▸ Action item
Give again, word for word, each line below starting at the one that contains "Two table flags" and ending at the one that contains "Ceremony decor on".

▸ Material for this task

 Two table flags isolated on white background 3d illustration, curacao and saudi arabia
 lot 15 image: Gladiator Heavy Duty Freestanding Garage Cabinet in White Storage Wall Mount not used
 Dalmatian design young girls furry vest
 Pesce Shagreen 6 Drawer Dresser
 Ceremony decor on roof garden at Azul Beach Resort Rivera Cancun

* * *

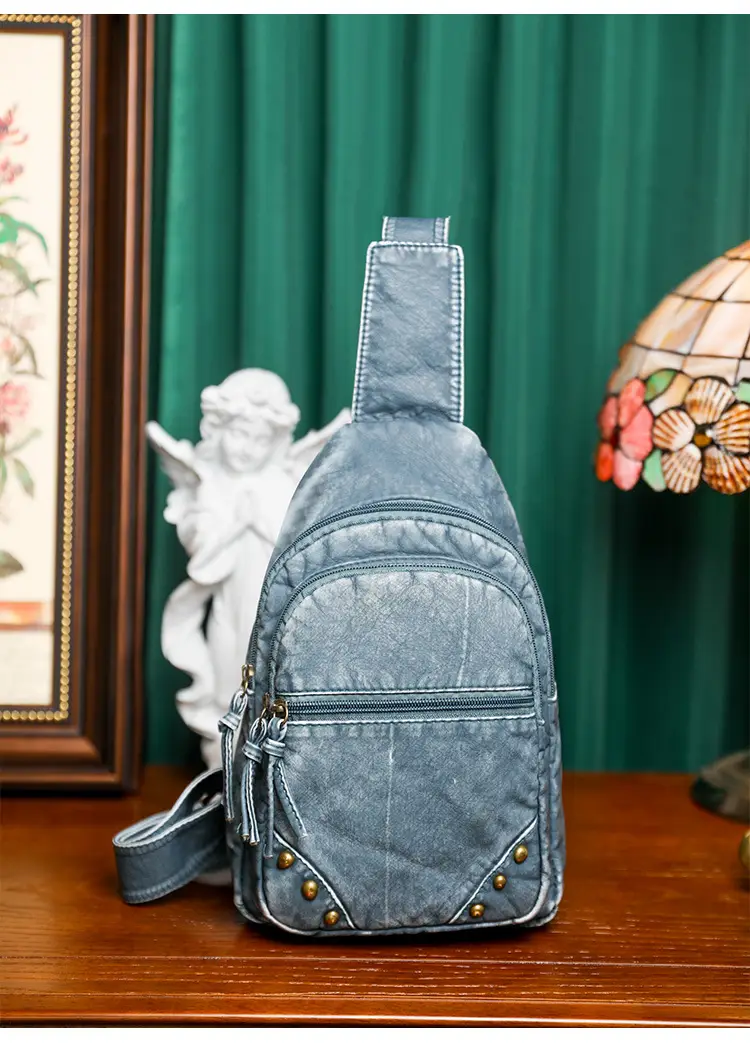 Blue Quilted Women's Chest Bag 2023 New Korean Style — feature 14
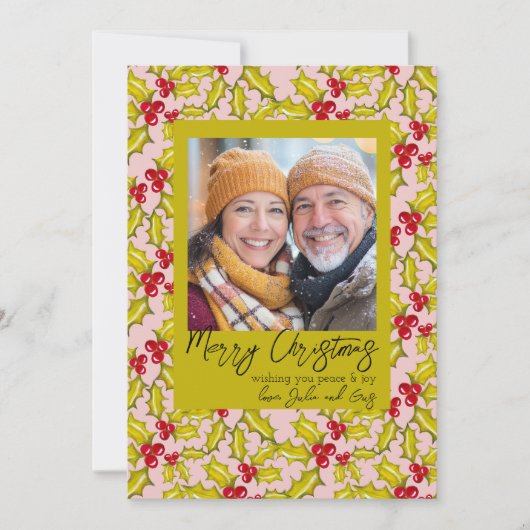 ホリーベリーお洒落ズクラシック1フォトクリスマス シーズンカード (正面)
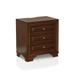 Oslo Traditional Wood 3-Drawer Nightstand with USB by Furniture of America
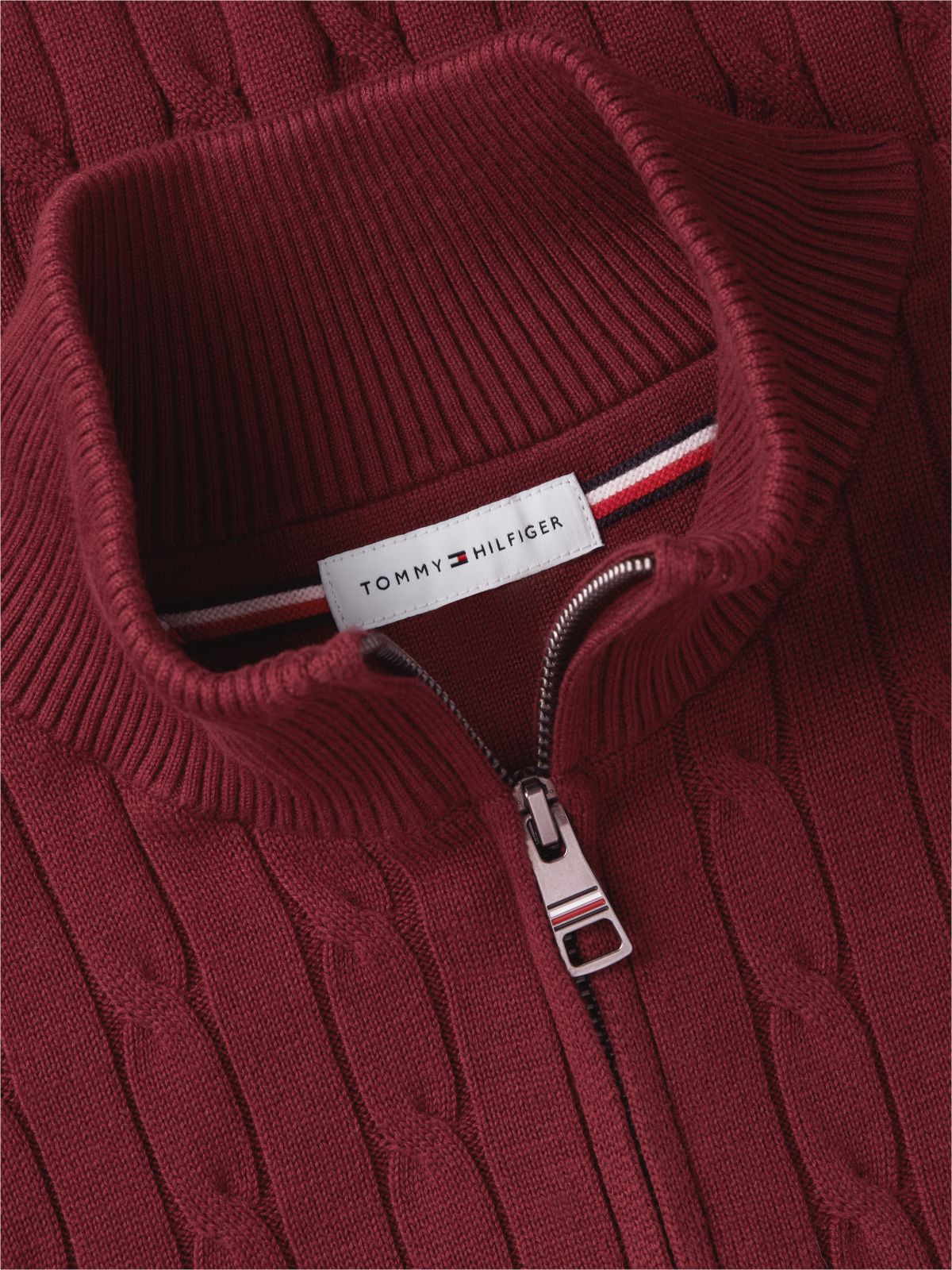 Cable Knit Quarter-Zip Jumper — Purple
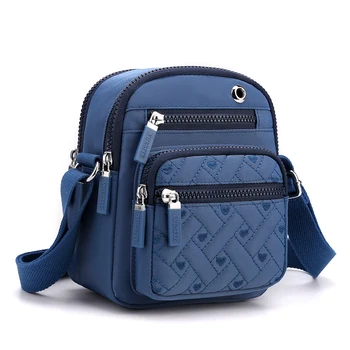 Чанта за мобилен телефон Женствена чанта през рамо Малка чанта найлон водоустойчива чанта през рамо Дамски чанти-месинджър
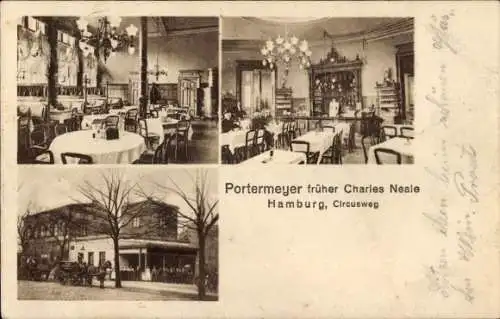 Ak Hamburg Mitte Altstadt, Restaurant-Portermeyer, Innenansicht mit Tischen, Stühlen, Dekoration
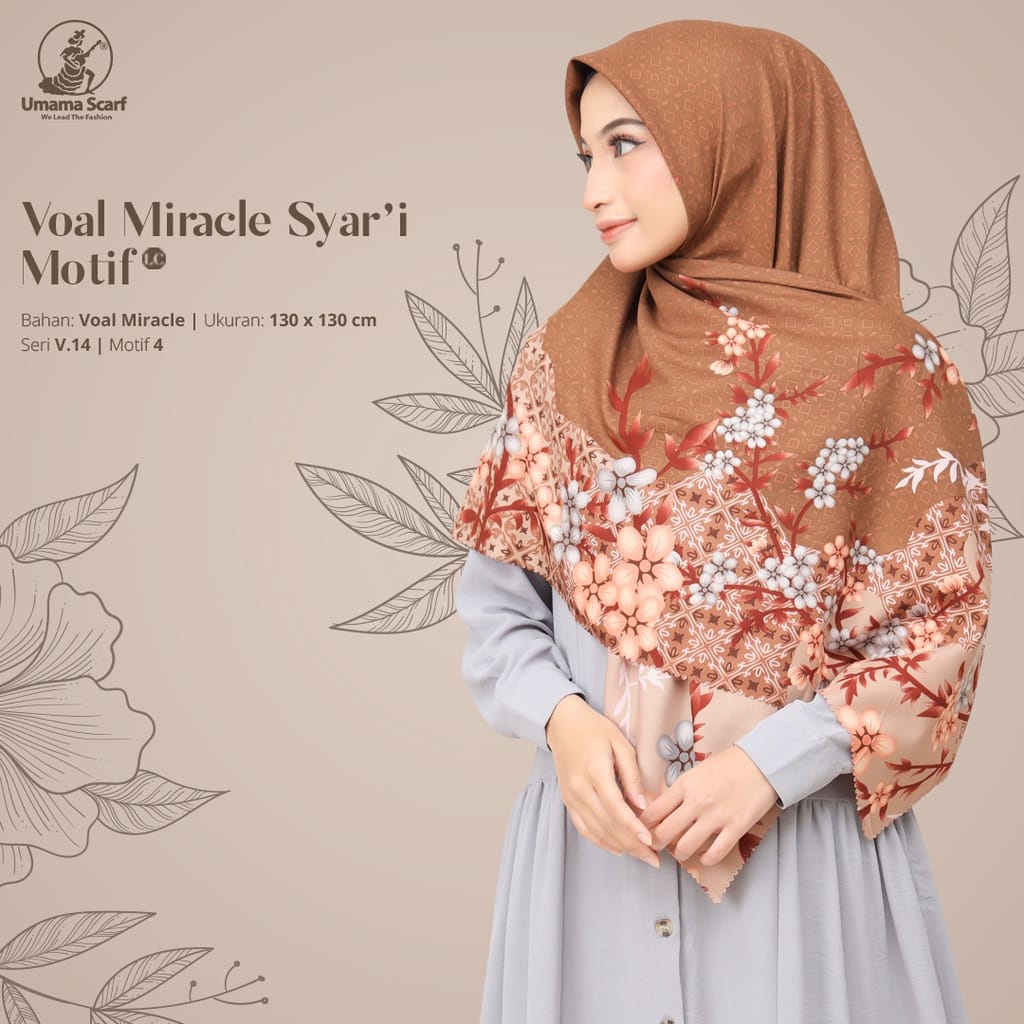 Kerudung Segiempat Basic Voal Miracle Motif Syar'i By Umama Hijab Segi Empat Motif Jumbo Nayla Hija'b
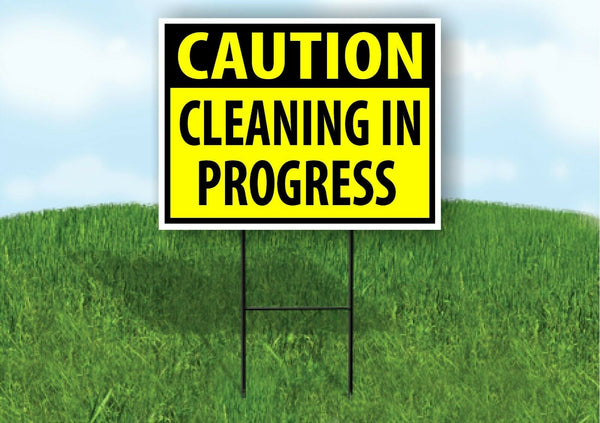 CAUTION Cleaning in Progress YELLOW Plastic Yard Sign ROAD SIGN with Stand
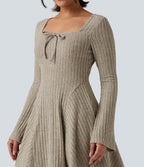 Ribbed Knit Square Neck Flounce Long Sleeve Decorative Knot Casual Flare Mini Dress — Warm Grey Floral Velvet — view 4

--

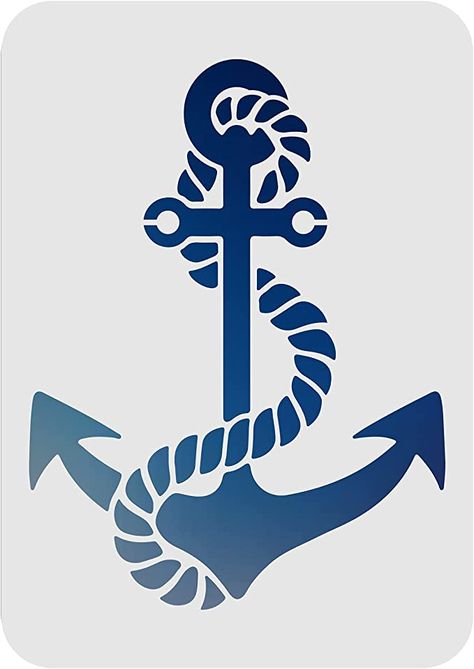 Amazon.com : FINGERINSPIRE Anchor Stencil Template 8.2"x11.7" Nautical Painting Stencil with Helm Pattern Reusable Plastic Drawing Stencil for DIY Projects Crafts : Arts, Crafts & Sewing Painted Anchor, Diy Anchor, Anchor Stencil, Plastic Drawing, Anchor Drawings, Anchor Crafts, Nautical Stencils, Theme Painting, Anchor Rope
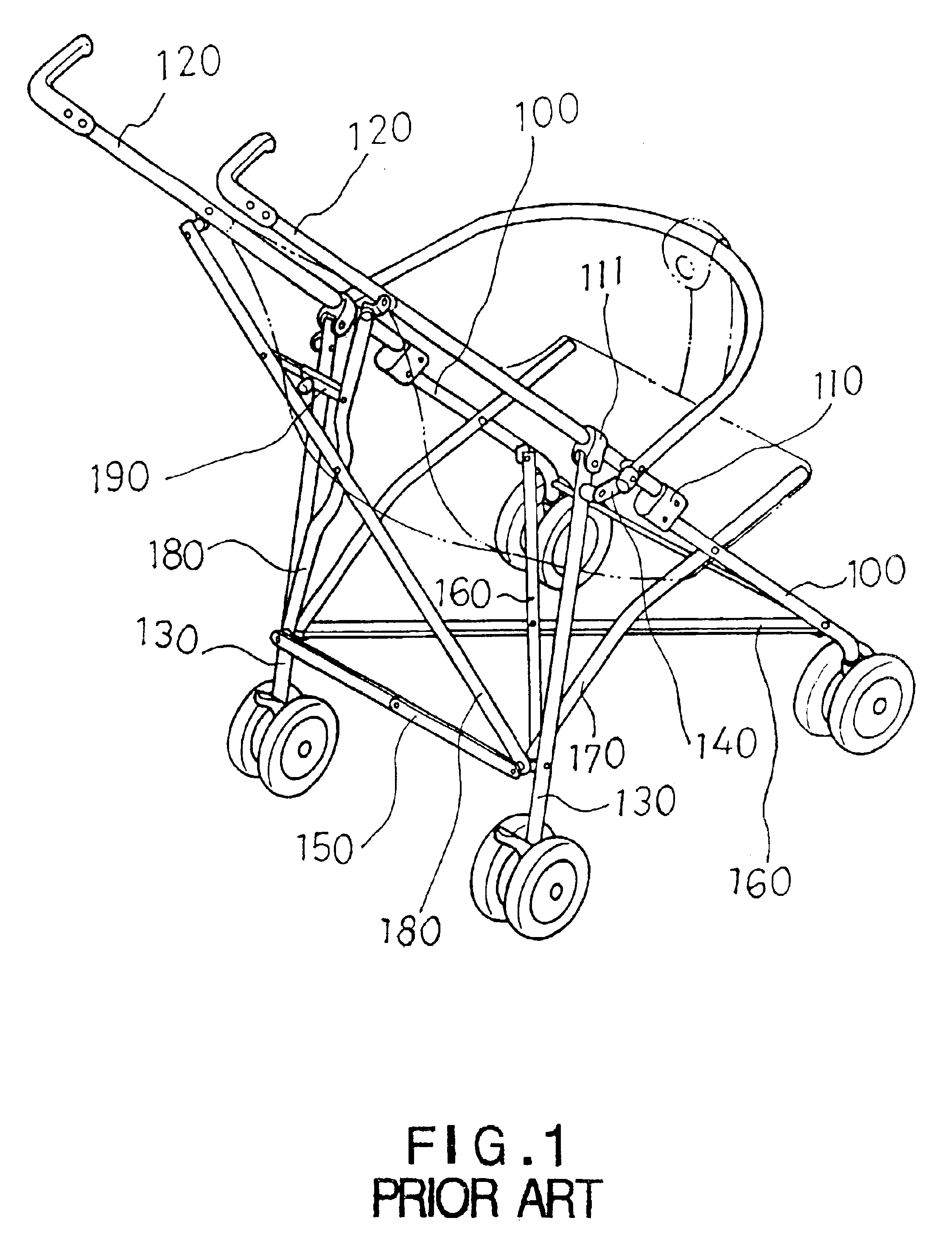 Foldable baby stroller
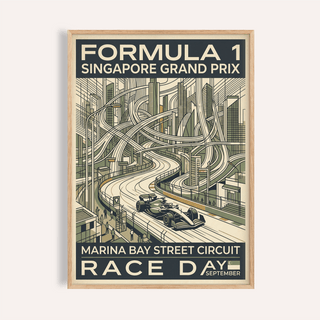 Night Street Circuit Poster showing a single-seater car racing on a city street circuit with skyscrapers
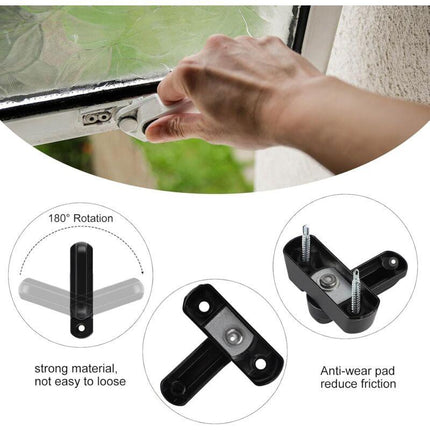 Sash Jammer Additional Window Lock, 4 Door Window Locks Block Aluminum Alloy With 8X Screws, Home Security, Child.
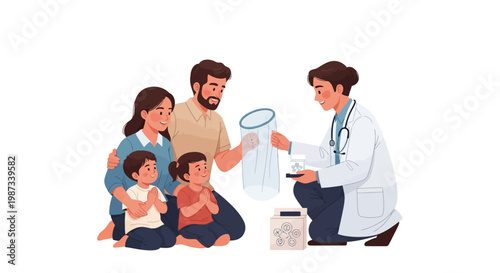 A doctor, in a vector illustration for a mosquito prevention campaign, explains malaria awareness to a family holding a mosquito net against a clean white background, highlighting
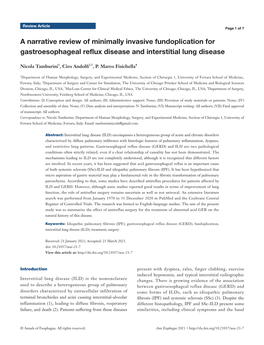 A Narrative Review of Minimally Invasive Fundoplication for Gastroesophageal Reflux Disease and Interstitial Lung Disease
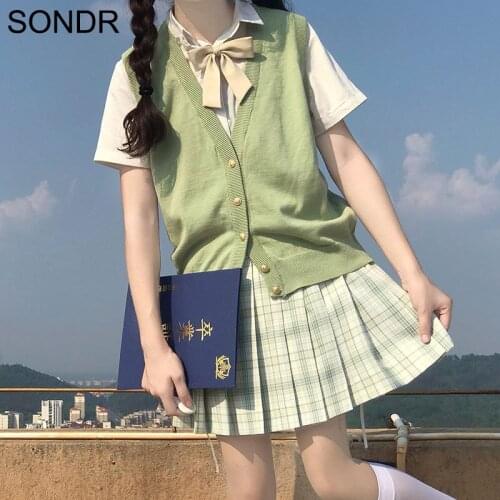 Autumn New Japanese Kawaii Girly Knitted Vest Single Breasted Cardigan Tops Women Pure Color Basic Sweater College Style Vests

▸ Task result
 Two table flags isolated on white background 3d illustration, curacao and saudi arabia
 lot 15 image: Gladiator Heavy Duty Freestanding Garage Cabinet in White Storage Wall Mount not used
 Dalmatian design young girls furry vest
 Pesce Shagreen 6 Drawer Dresser
 Ceremony decor on roof garden at Azul Beach Resort Rivera Cancun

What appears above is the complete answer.